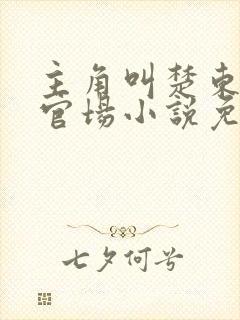 主角叫楚东恒的官场小说免费阅读封面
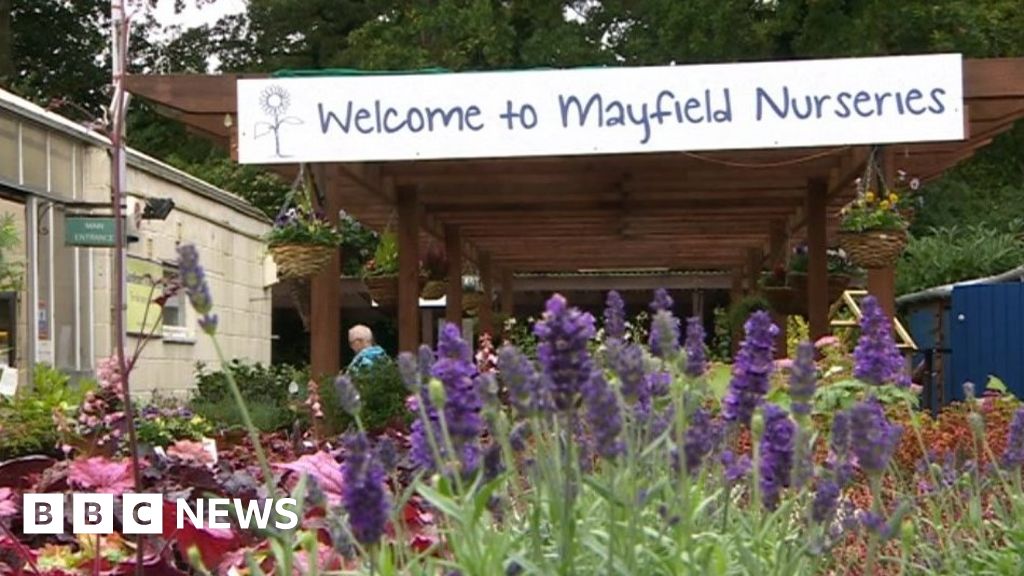 Mayfield Nurseries mental health charity in Southampton hit by break ins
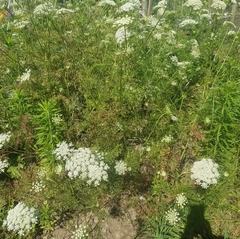Daucus carota sativus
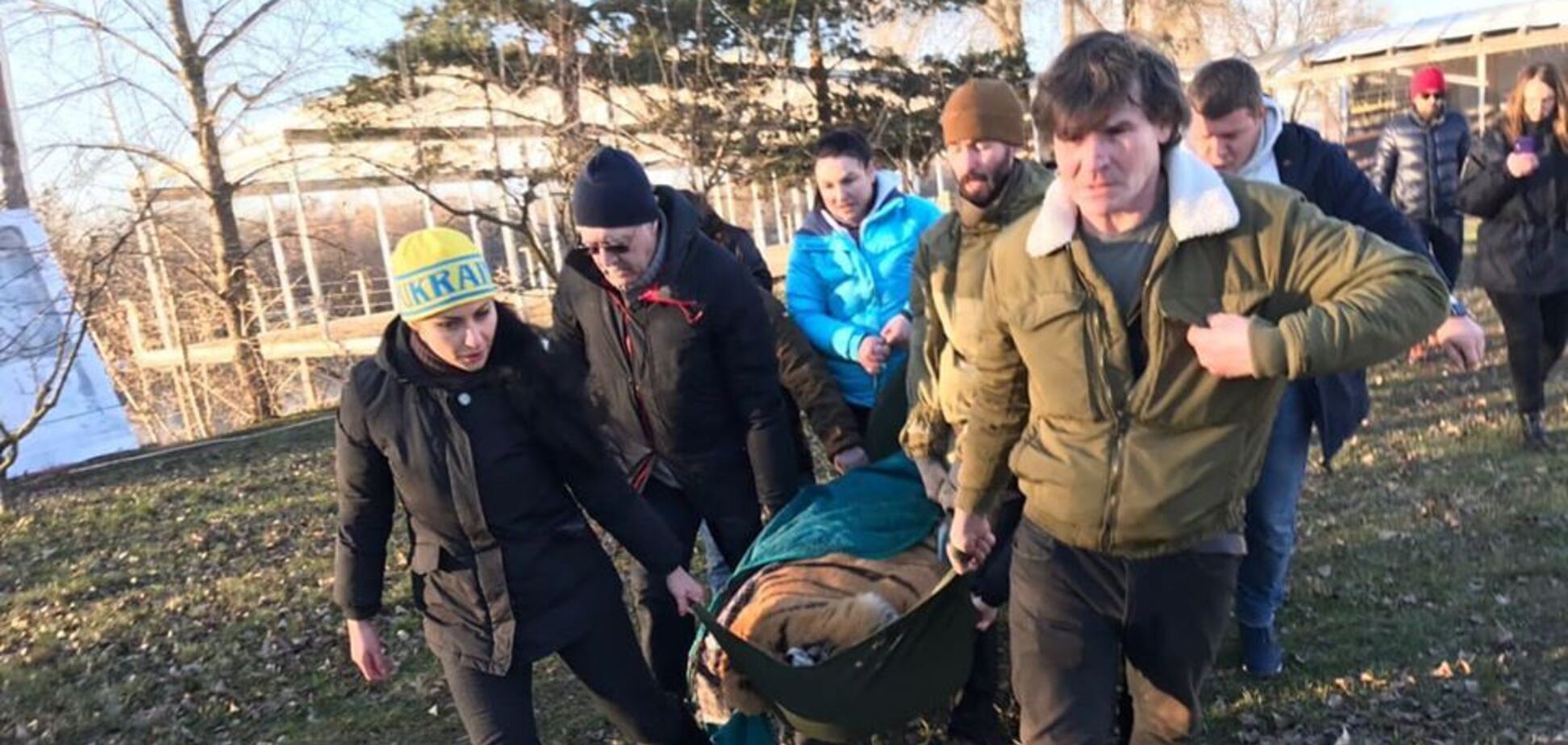 У Києві знайшли покинутих тигрів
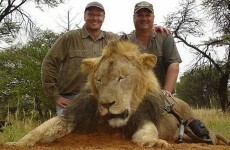American dentist who 'paid $50,000 to kill a lion with a crossbow' wanted by police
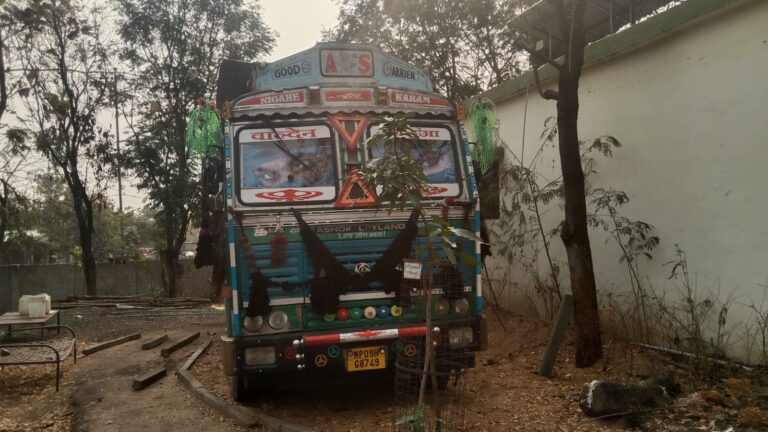 महू में अवैध जलाऊ लकड़ी से भरा ट्रक जब्त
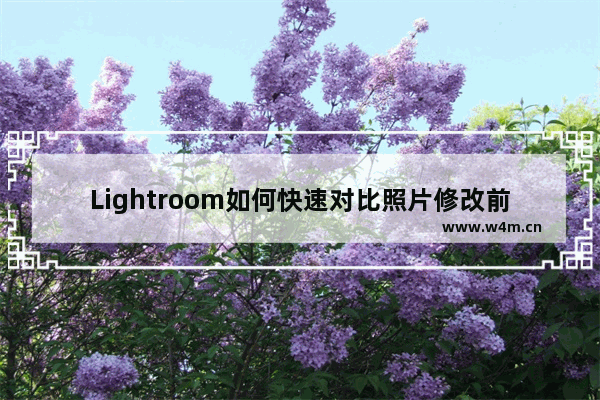 Lightroom如何快速对比照片修改前后-Lightroom快速对比修改前后照片的方法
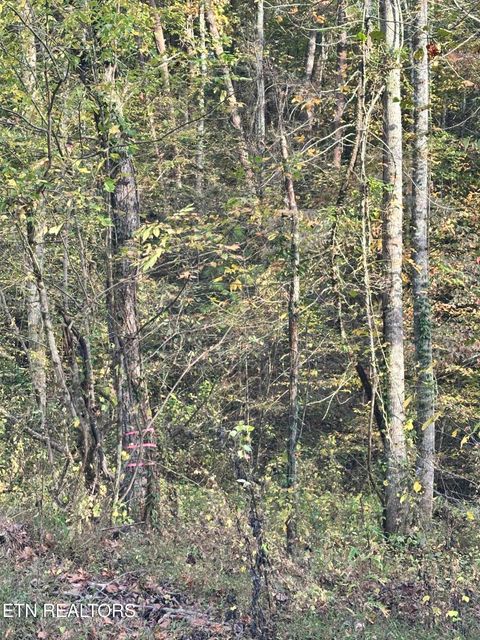 Tiny photo for Peaceful Way, Sevierville, TN 37876 (MLS # 1319194)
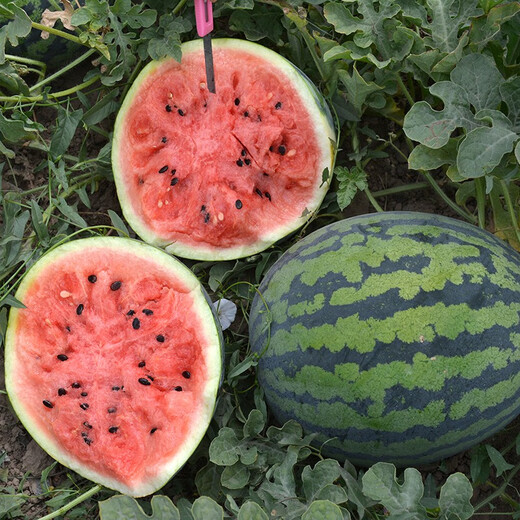 Zhongke Maohua Fruit and Vegetable Seeds Zhongke Sweet King Watermelon Seeds Angfei Legend Sweet King Hybrid High Round Sweet King Big Red Flesh Zhongke Sweet King 100g/box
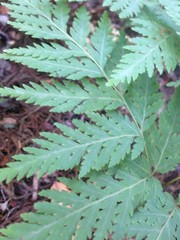 Loxsoma cunninghamii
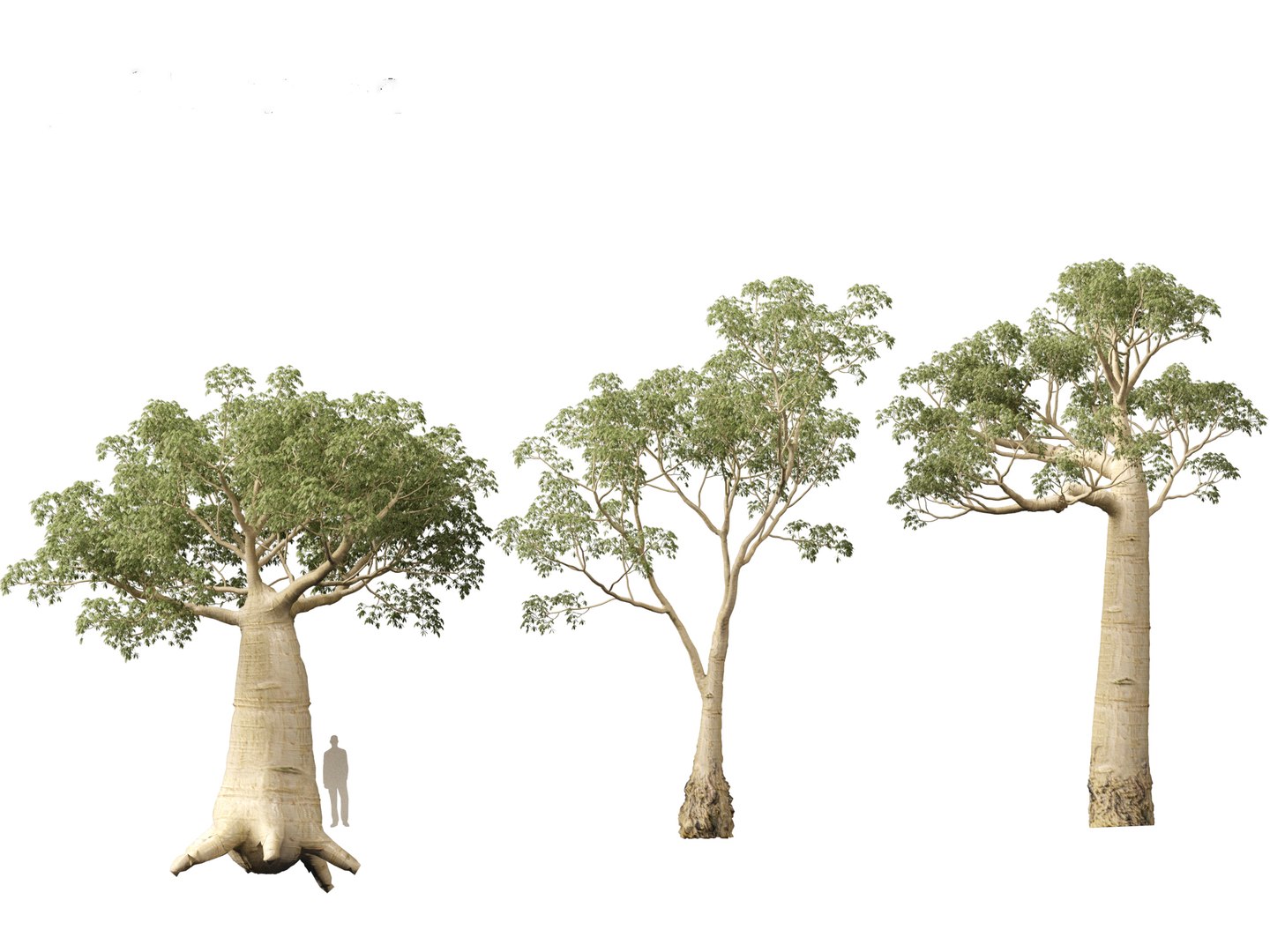 3D Adansonia digitata - Baobab 01-04 model https://p.turbosquid.com/ts-thumb/DA/itrwTy/iL/adansoniadigitata013/jpg/1699024634/1920x1080/fit_q87/5522305b881313f5e025c8940c5f8c353bbddd0d/adansoniadigitata013.jpg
#####
**WORK TO COMPLETE:** Only the pictures should be left out; write out everything else in the records exactly.

**ANSWER TO THIS TASK:**
 主角叫楚东恒的官场小说免费阅读封面
 Mayfield Nurseries mental health charity in Southampton hit by break ins
Daucus carota sativus
 У Києві знайшли покинутих тигрів
American dentist who 'paid $50,000 to kill a lion with a crossbow' wanted by police
 महू में अवैध जलाऊ लकड़ी से भरा ट्रक जब्त
 Lightroom如何快速对比照片修改前后-Lightroom快速对比修改前后照片的方法
 Tiny photo for Peaceful Way, Sevierville, TN 37876 (MLS # 1319194)
 Zhongke Maohua Fruit and Vegetable Seeds Zhongke Sweet King Watermelon Seeds Angfei Legend Sweet King Hybrid High Round Sweet King Big Red Flesh Zhongke Sweet King 100g/box
 Loxsoma cunninghamii
 3D Adansonia digitata - Baobab 01-04 model https://p.turbosquid.com/ts-thumb/DA/itrwTy/iL/adansoniadigitata013/jpg/1699024634/1920x1080/fit_q87/5522305b881313f5e025c8940c5f8c353bbddd0d/adansoniadigitata013.jpg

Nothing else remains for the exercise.